==== ENTRIES PROVIDED ====

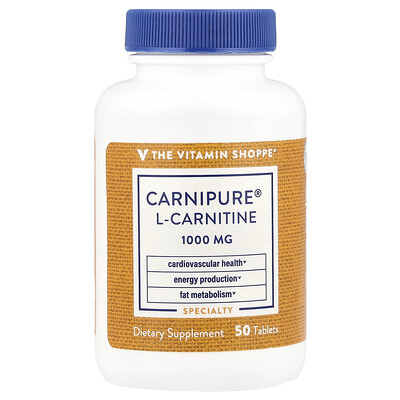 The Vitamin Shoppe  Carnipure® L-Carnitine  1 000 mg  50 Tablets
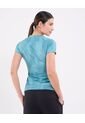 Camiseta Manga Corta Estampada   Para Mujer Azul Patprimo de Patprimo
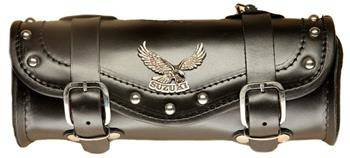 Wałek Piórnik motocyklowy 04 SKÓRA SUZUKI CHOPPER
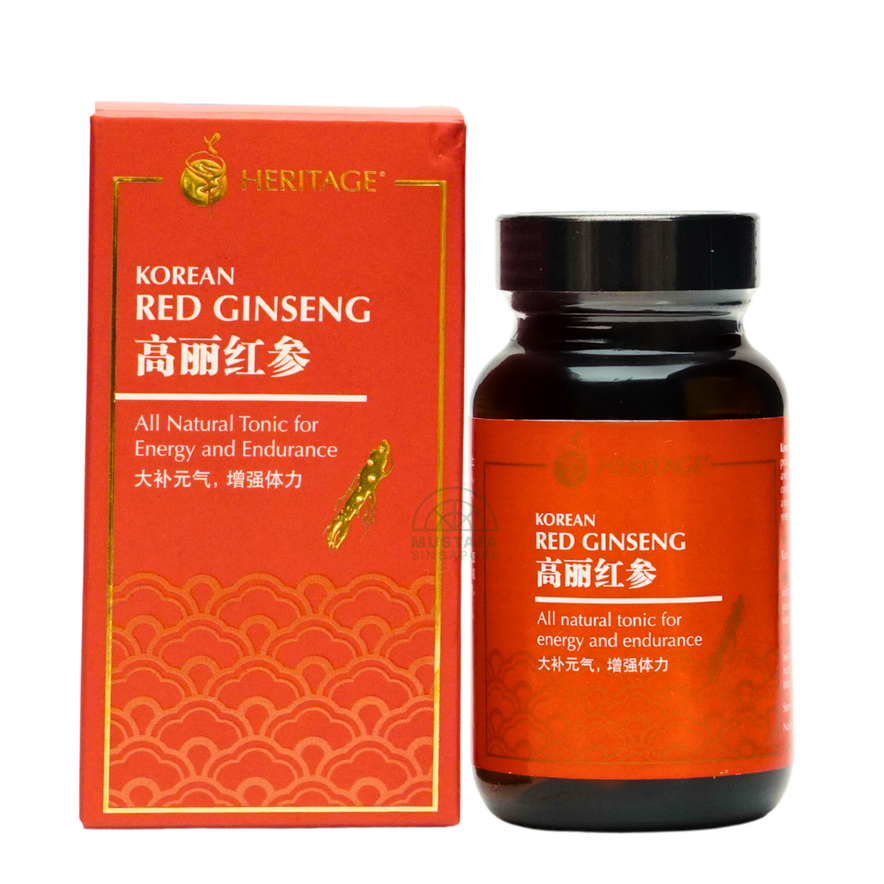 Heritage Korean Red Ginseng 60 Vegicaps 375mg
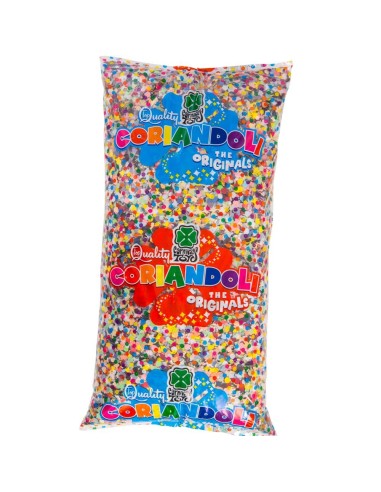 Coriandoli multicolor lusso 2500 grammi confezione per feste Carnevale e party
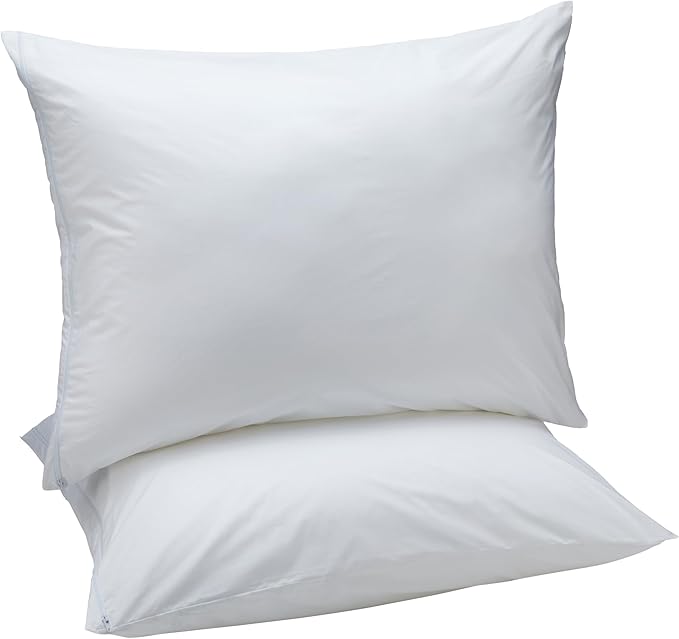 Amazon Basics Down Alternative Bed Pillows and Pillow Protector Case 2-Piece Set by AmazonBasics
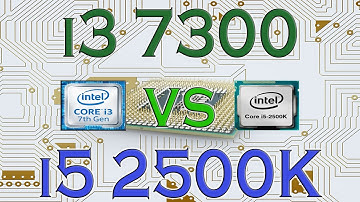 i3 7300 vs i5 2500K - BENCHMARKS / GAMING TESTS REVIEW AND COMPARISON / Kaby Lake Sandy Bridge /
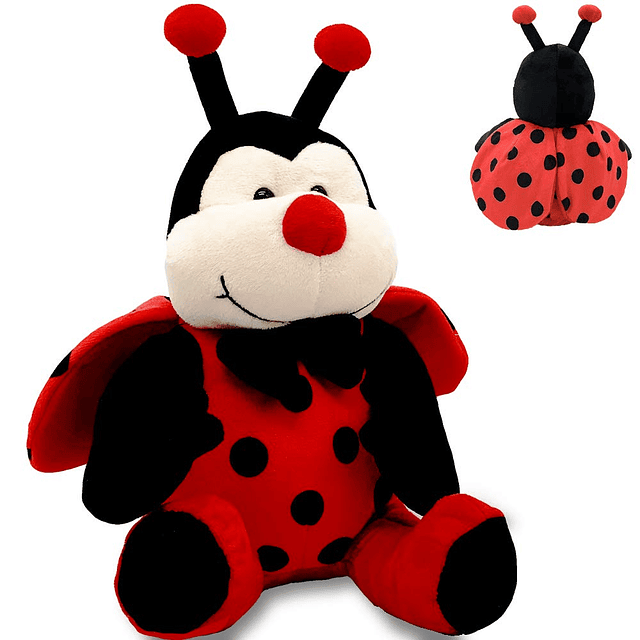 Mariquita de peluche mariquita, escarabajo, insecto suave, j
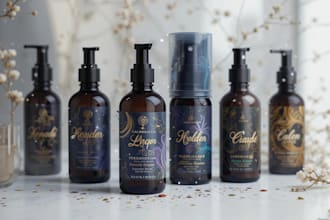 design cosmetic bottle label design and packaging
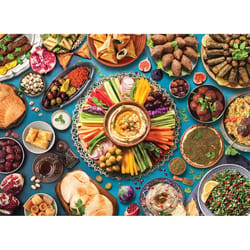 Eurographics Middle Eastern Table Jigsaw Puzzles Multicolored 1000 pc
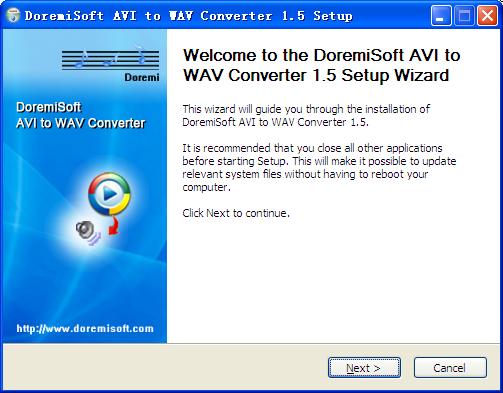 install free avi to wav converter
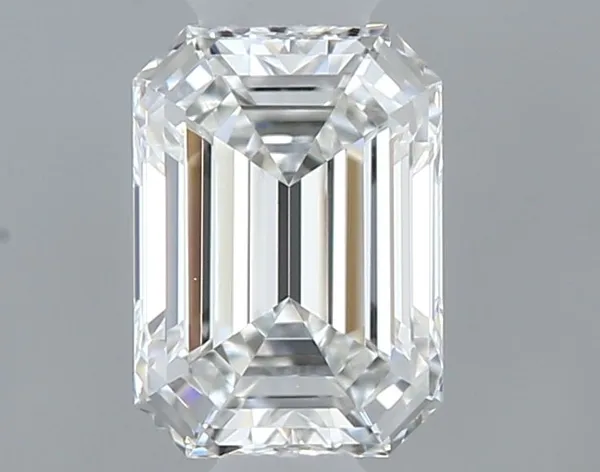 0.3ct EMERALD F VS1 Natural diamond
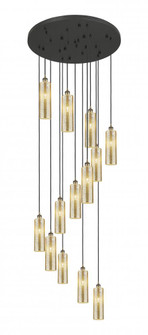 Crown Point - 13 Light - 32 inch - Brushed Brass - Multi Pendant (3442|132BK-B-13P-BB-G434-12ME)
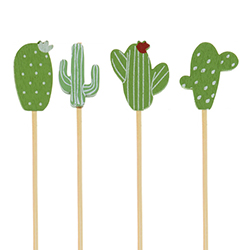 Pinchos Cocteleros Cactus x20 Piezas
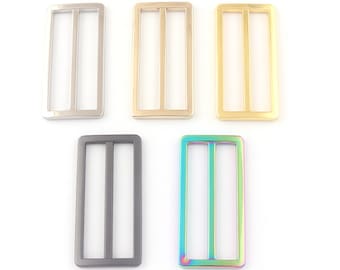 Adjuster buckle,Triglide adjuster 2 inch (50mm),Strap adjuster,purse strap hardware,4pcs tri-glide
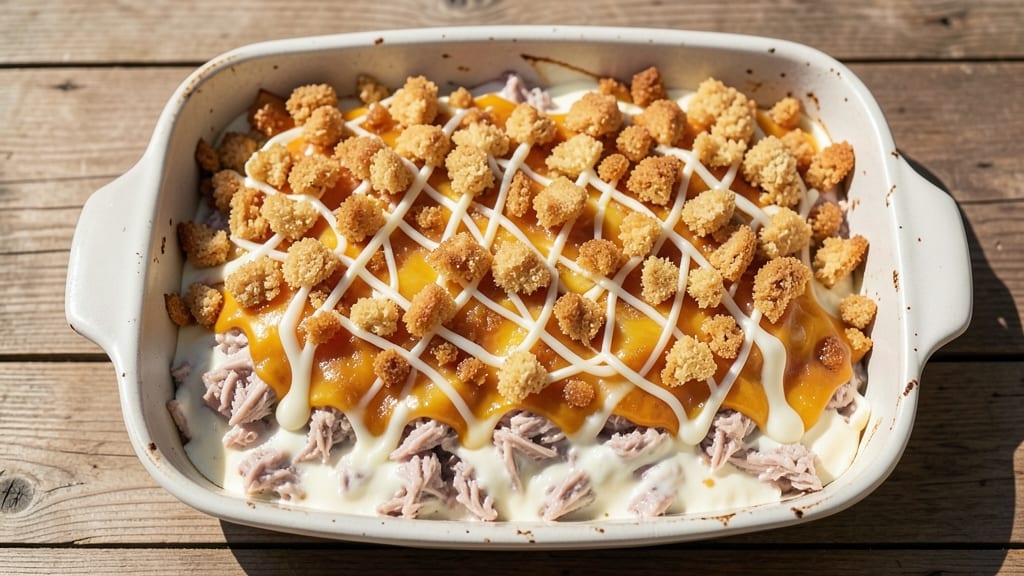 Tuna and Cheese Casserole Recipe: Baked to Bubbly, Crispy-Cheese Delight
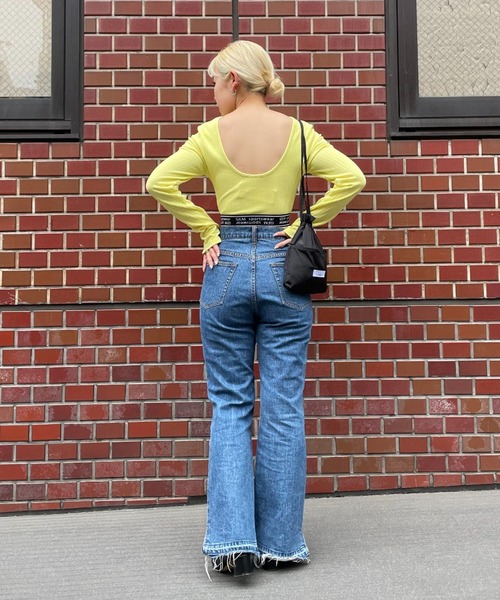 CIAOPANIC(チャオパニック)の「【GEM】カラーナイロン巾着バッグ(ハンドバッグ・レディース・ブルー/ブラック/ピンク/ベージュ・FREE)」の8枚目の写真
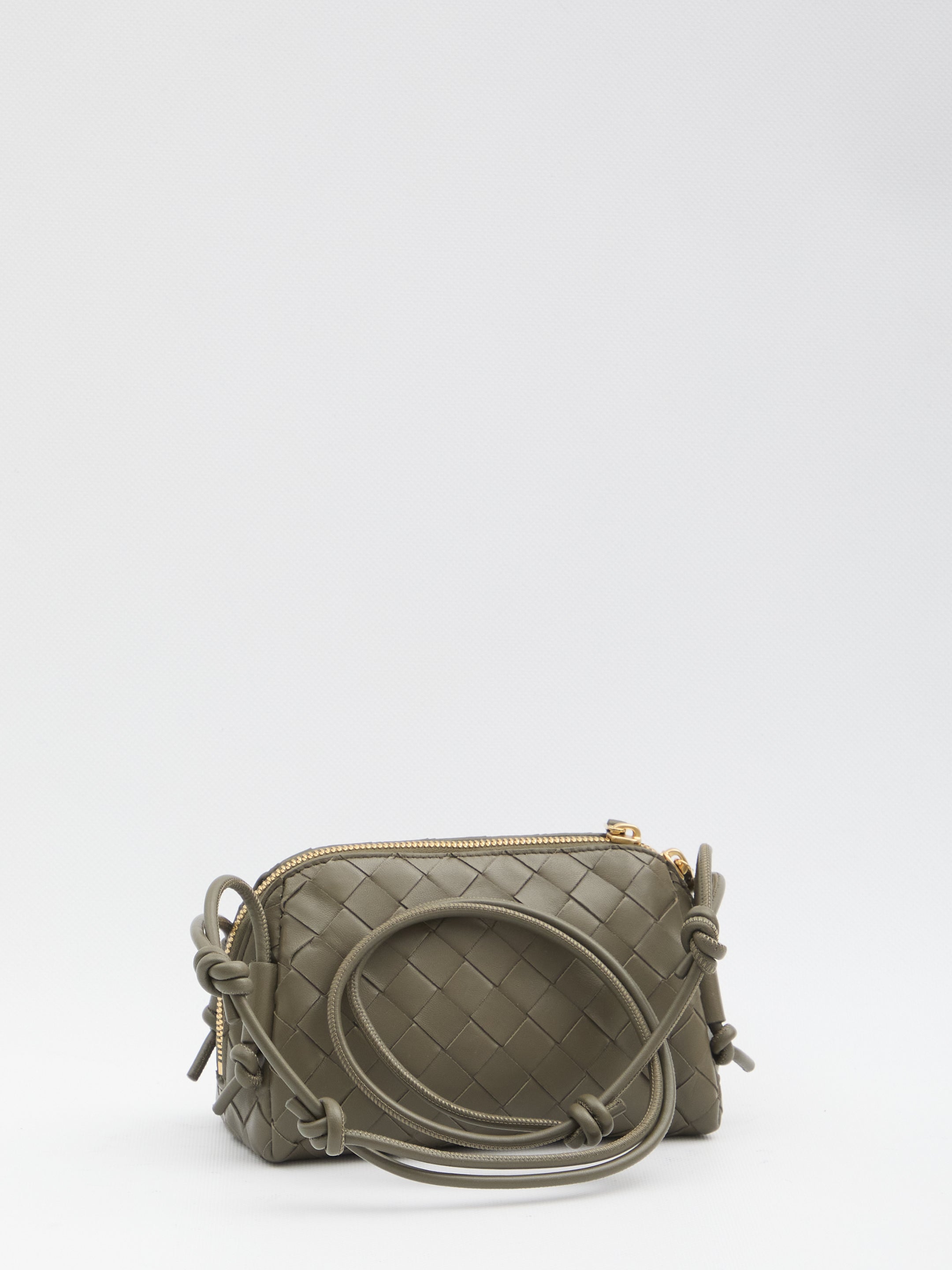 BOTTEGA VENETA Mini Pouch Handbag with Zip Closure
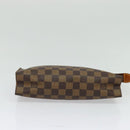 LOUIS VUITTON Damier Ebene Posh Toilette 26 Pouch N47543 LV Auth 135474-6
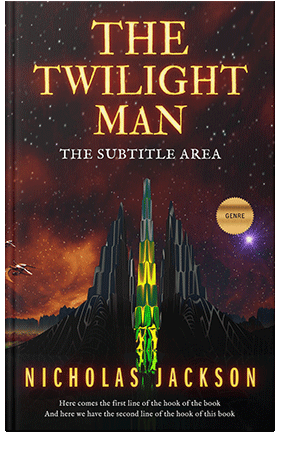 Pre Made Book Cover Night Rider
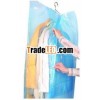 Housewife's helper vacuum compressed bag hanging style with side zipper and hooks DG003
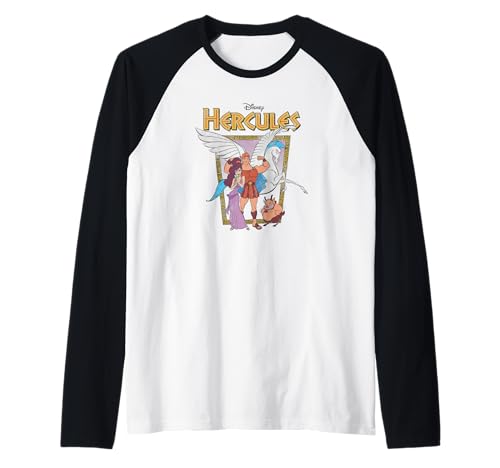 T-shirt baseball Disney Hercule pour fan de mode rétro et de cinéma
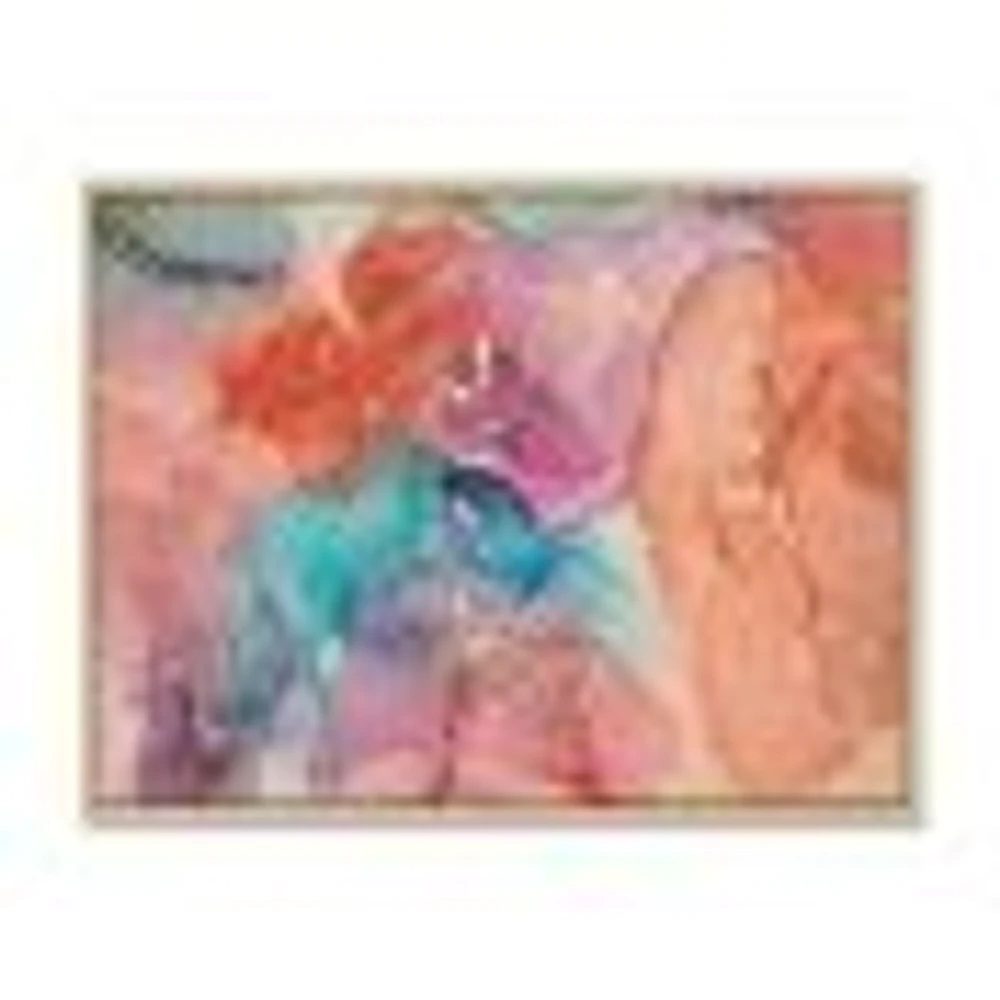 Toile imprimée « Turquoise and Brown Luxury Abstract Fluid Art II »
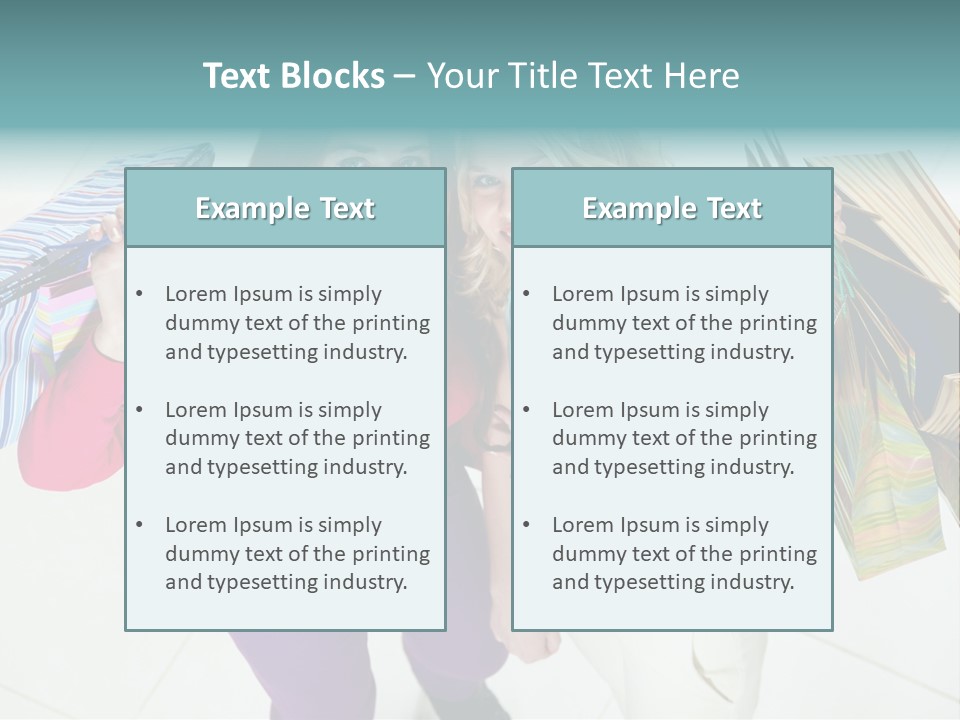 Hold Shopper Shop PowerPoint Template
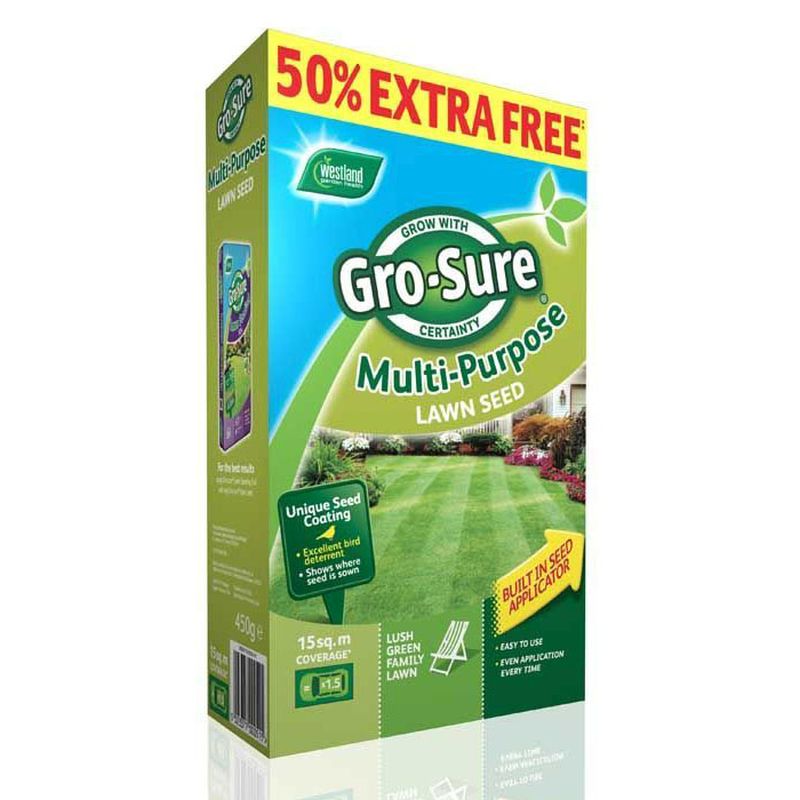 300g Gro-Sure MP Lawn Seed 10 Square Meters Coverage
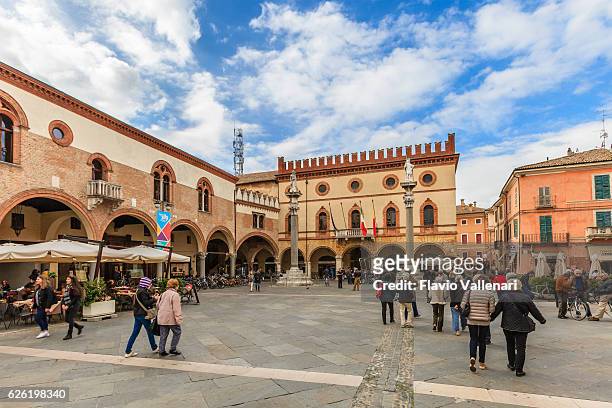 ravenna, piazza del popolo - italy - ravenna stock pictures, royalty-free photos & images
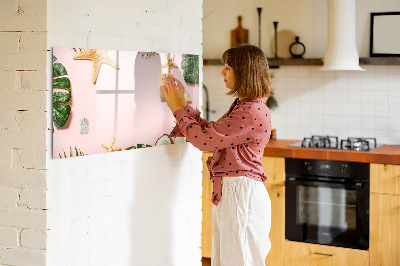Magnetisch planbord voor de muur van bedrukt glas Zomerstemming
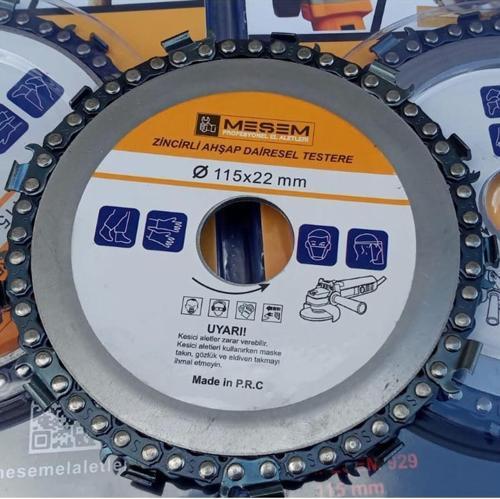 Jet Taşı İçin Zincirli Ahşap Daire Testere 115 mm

====

*TASK DETAILS*
Only the text of the material belongs in your copy, which must match the original exactly.

*SOLVED PROBLEM*
 The Vitamin Shoppe  Carnipure® L-Carnitine  1 000 mg  50 Tablets
 Camiseta Manga Corta Estampada   Para Mujer Azul Patprimo de Patprimo
 Wałek Piórnik motocyklowy 04 SKÓRA SUZUKI CHOPPER
 Heritage Korean Red Ginseng 60 Vegicaps 375mg
 Coriandoli multicolor lusso 2500 grammi confezione per feste Carnevale e party
 Amazon Basics Down Alternative Bed Pillows and Pillow Protector Case 2-Piece Set by AmazonBasics
 i3 7300 vs i5 2500K - BENCHMARKS / GAMING TESTS REVIEW AND COMPARISON / Kaby Lake Sandy Bridge /
 Mariquita de peluche mariquita, escarabajo, insecto suave, j
 design cosmetic bottle label design and packaging
 Eurographics Middle Eastern Table Jigsaw Puzzles Multicolored 1000 pc
 install free avi to wav converter
 0.3ct EMERALD F VS1 Natural diamond
 Crown Point - 13 Light - 32 inch - Brushed Brass - Multi Pendant (3442|132BK-B-13P-BB-G434-12ME)
 Pinchos Cocteleros Cactus x20 Piezas
 Adjuster buckle,Triglide adjuster 2 inch (50mm),Strap adjuster,purse strap hardware,4pcs tri-glide
 Tuna and Cheese Casserole Recipe: Baked to Bubbly, Crispy-Cheese Delight
 CIAOPANIC(チャオパニック)の「【GEM】カラーナイロン巾着バッグ(ハンドバッグ・レディース・ブルー/ブラック/ピンク/ベージュ・FREE)」の8枚目の写真
 BOTTEGA VENETA Mini Pouch Handbag with Zip Closure
 LOUIS VUITTON Damier Ebene Posh Toilette 26 Pouch N47543 LV Auth 135474-6
 Pre Made Book Cover Night Rider
 Housewife's helper vacuum compressed bag hanging style with side zipper and hooks DG003
 T-shirt baseball Disney Hercule pour fan de mode rétro et de cinéma
 Toile imprimée « Turquoise and Brown Luxury Abstract Fluid Art II »
 Hold Shopper Shop PowerPoint Template
 300g Gro-Sure MP Lawn Seed 10 Square Meters Coverage
 ravenna, piazza del popolo - italy - ravenna stock pictures, royalty-free photos & images
Magnetisch planbord voor de muur van bedrukt glas Zomerstemming
 Jet Taşı İçin Zincirli Ahşap Daire Testere 115 mm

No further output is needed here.